Anyway, if you want it to last buy an original manufacturer battery. There's way too many junk batteries being churned out of China. The quality of a battery is measured in the number of cycles it can do, which you won't find out until several years down the track. A cheap battery (or a cheap battery with an expensive price tag) might do 100-200 cycles before capacity drops, when the OEM battery does 1000. This means you have to view all aftermarket batteries with suspicion because you just can't tell.

The last non-OEM battery I bought, they got rather fed up of me after the third claim on the year's warranty...

Theo

Reply to
Theo

What about leaving the charger connected to the laptop when it's not being used, effectively charging a full battery. Does that damage the battery over time?

Each laptop I've owned (successively: Win XP, Vista, 7) I've tried to be really careful to do all the right things and none of the wrong things:

- only connect to the mains to charge the battery and sometimes while using the laptop

- normally run the laptop down to about half charge and then top up again, repeating that cycle if I'm using the laptop for a prolonged period

- run the laptop down to zero charge every few days

But each one has eventually, after a couple of years, suffered from gradually reduced battery capacity that has eventually led to the laptop only being usable on mains (ie it switches off immediately the mains plug is removed). For one of the laptops, I bought a cheap Chinese clone battery which seemed to last about as long as the one that was originally fitted, rather than a much shorter time as I was expecting.

Manufacturers were, respectively, Acer, HP and Samsung - though where they source their batteries from is anyone's guess.

Reply to
NY

I had a Samsung bluray DVD which failed so I chucked it away and got a much superior Sony, but that did not stop me buying a £300 Samsung 1TB SSD storage drive.

Reply to
Simon Mason

Such as the (11 year old) Acer Aspire 3660 I've had on permanent 'charge' for the whole of its life to date which seems to still have around 70% or so of its original battery capacity.

I figure the battery has lasted this long because of the more 'sympathetic' charge maintenance routine which avoids the "Float Charging" concept, electing instead to charge up to the 4.2v per cell level and then leave the battery to slowly decline in voltage over the several weeks of mains powered use before giving it a 10 or 15 minute topping up charge.

As you can imagine, the chances of 'catching it in the act' of 'charging' on such a low duty cycle are almost zero but I did eventually see the green battery light change to the red 'charging' state for a ten or 15 minute period before turning green again after a few years of ownership.
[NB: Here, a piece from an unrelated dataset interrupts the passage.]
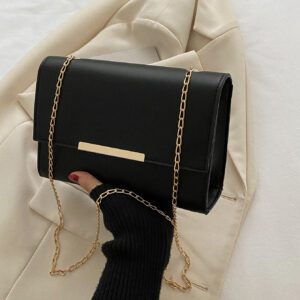 Nouveau sac carré populaire avec bandoulière chaîne, sac à bandoulière pour femme simple de couleur unie avec sac à bandoulière décontracté rétro, 2021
Subsequent to which event, I then paid the battery charge light a little more attention which allowed me to witness a few more of these 'topping up' charge events over the next 5 or 6 years.

Sadly, this laptop has rather outlived its usefulness so it simply sits perched on top of the filing cabinet where it has spent 99.99% of its 11 year life, plugged into the charger to maintain the battery whilst I ponder its future (if any). :-(

Reply to
Johnny B Good

The one on mine was knackered after not much more than a year. It's a

5536. Of course if you used the battery every day - perhaps what a laptop is meant for - having it fully charged whenever possible might be important. Only when I Googled did I find that the battery didn't like being left in with the laptop PS left on 24/7. So I now remove the replacment battery when not needed.

It's odd they changed the concept of battery charging.

My 5536 was also the one where the soldering to one of the processors failed. Luckily, found a firm who fixed it for an affordable sum. And it seems OK now - although I've now got a better one.